# What is expected
Output the entries below unchanged, except for the pictures.

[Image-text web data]
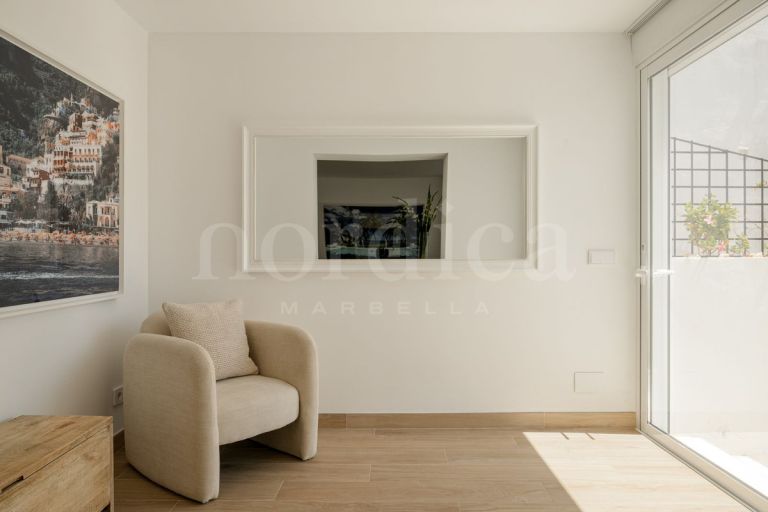 Town House for sale in Las Petunias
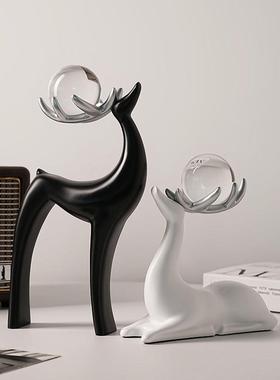 现代简约陶瓷鹿摆件轻奢高档家居客厅酒柜电视柜创意乔迁新居礼品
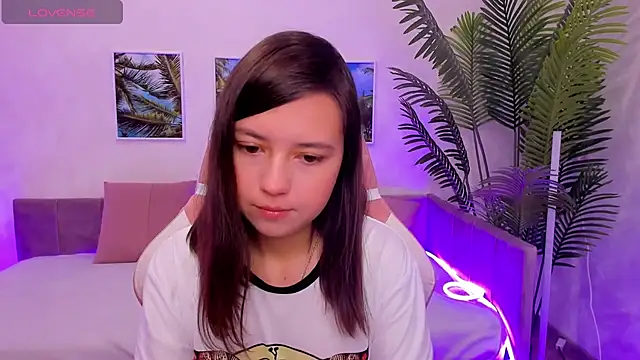 Lina Brownie online show from 10/09/25, 03:04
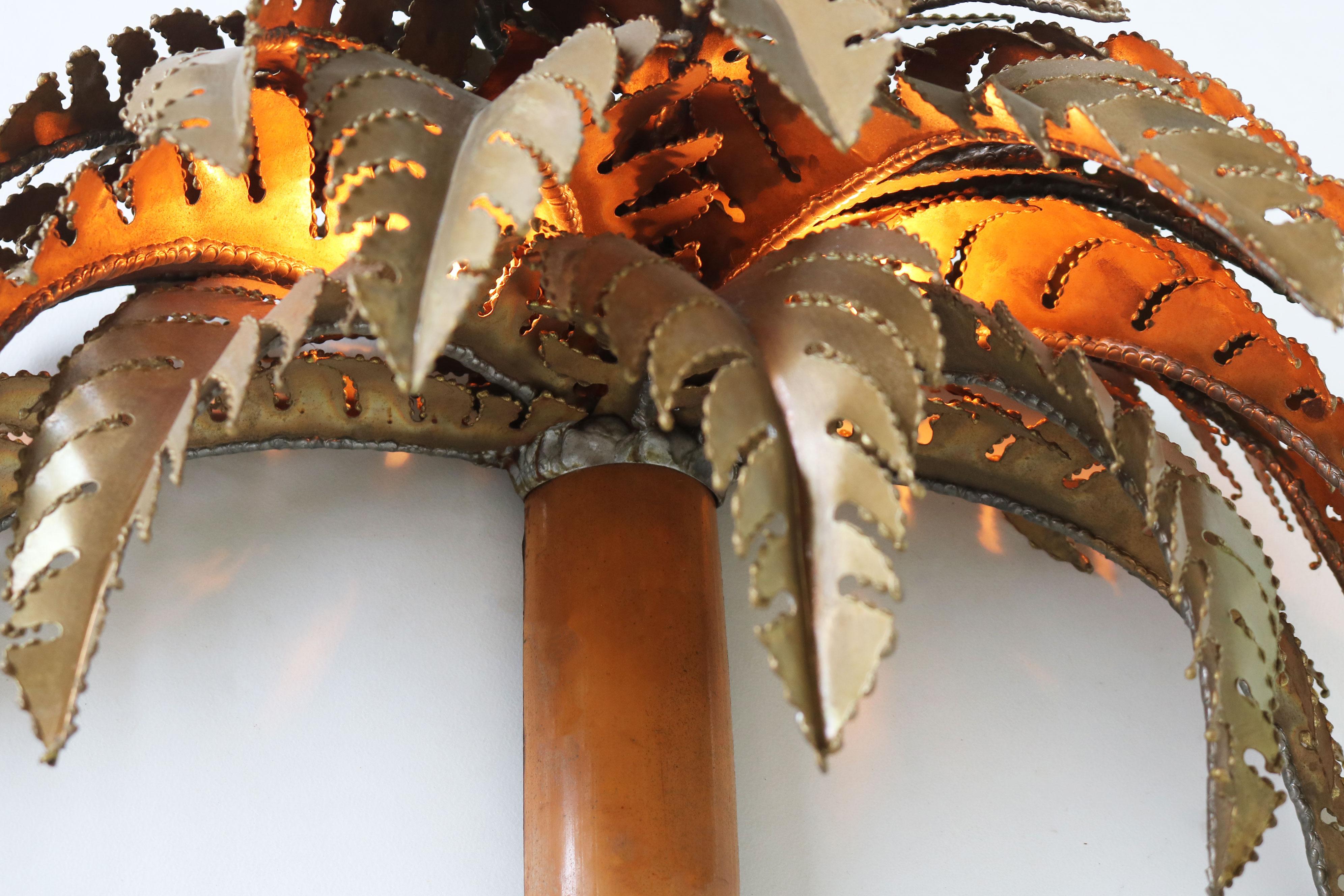 Ein Paar Palm Wandleuchten / Wandleuchter von Christian Techoueyres für Maison Jansen (Ende des 20. Jahrhunderts) im Angebot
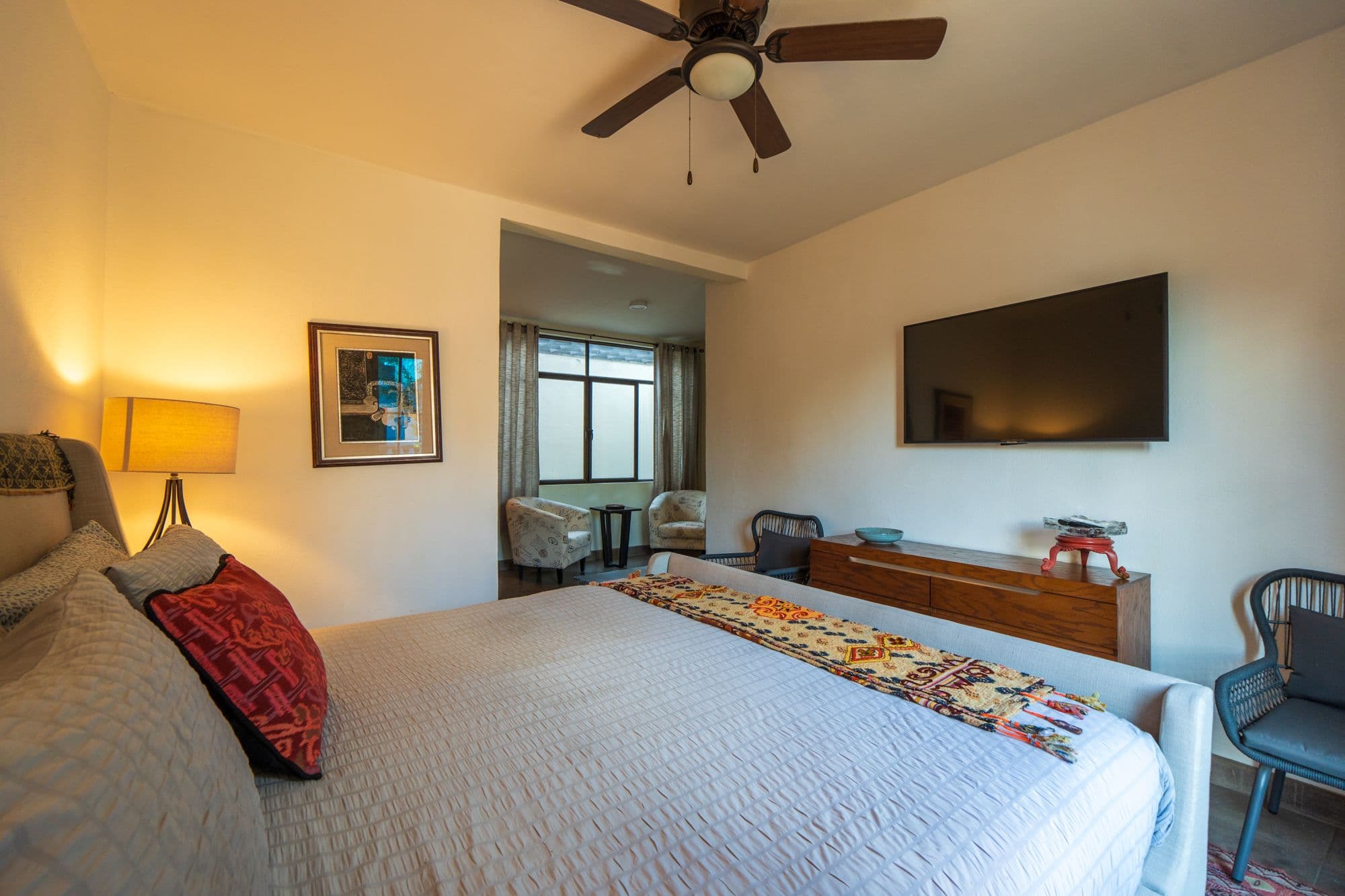 Casa Leslie — San Antonio, San Miguel de Allende — photo 11 — serene master suite with garden views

# Answer box
 Town House for sale in Las Petunias
 现代简约陶瓷鹿摆件轻奢高档家居客厅酒柜电视柜创意乔迁新居礼品
 Lina Brownie online show from 10/09/25, 03:04
 Ein Paar Palm Wandleuchten / Wandleuchter von Christian Techoueyres für Maison Jansen (Ende des 20. Jahrhunderts) im Angebot
 Casa Leslie — San Antonio, San Miguel de Allende — photo 11 — serene master suite with garden views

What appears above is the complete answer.